ACTIVITY:
Restate the listing word for word; omit the images.

SUPPLIED DATA:
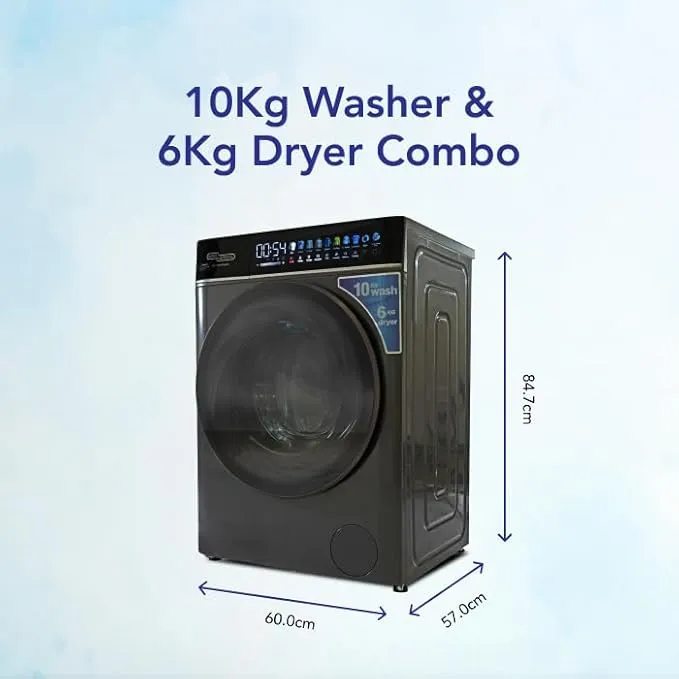 Super General 10KG Front Load Washer & 6KG Dryer Combo With Direct Drive Inverter Motor, 1400 RPM, 20 Programs, Steam Sterilization, Auto Dose, Air Wash & Smart LED Touch Display SGW10650CMBDDS Black 3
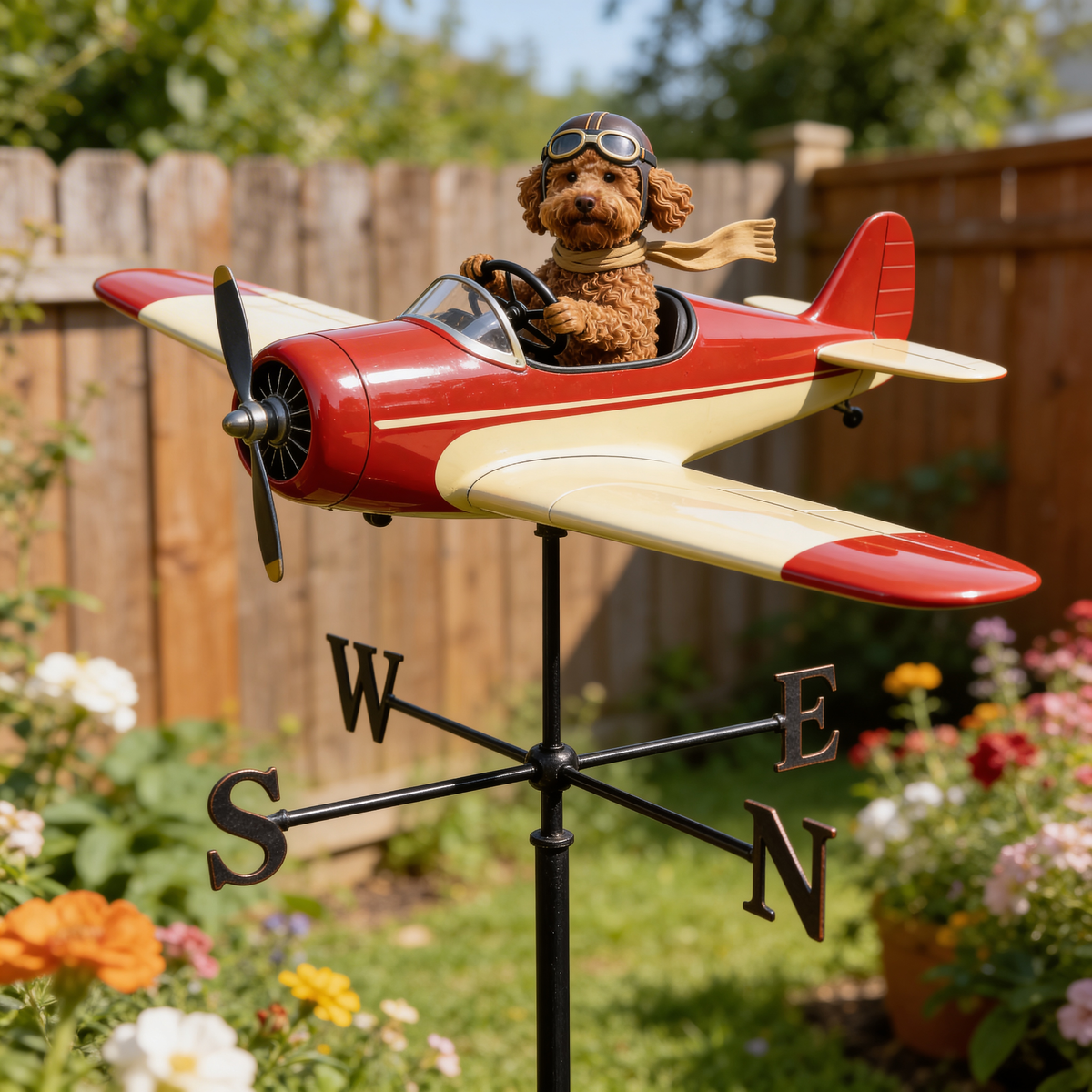 Custom Photo Curly Poodle Pilot Weather Vane Garden Pet Lover Gift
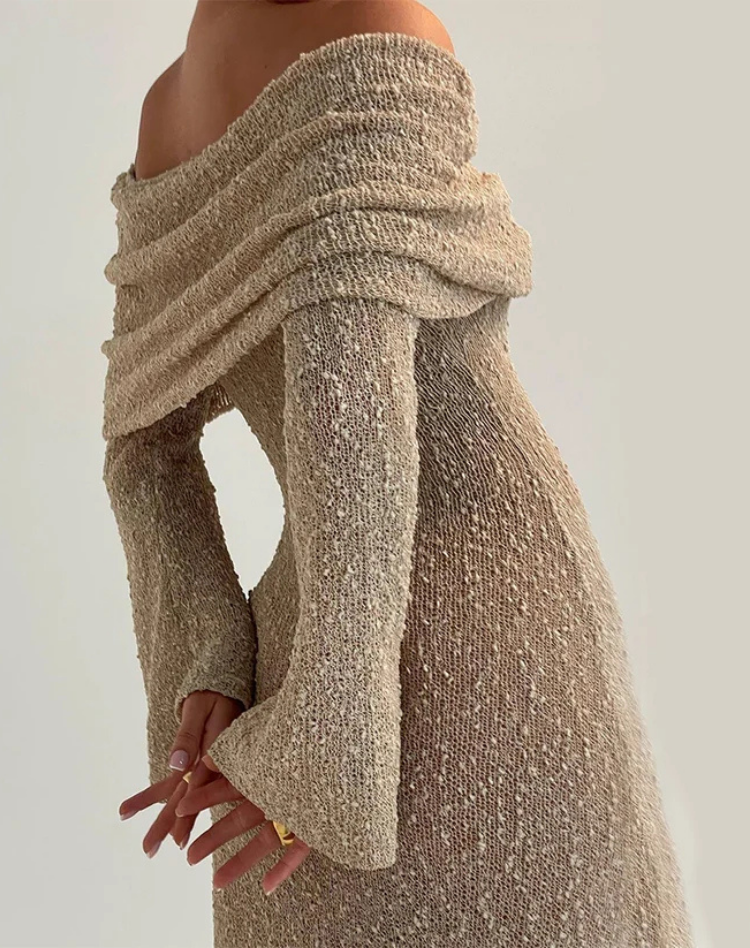 Bella Novelle gebreide off-shoulder maxi-jurk dames, productfoto 2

TASK RESPONSE:
 Super General 10KG Front Load Washer & 6KG Dryer Combo With Direct Drive Inverter Motor, 1400 RPM, 20 Programs, Steam Sterilization, Auto Dose, Air Wash & Smart LED Touch Display SGW10650CMBDDS Black 3
 Custom Photo Curly Poodle Pilot Weather Vane Garden Pet Lover Gift
 Bella Novelle gebreide off-shoulder maxi-jurk dames, productfoto 2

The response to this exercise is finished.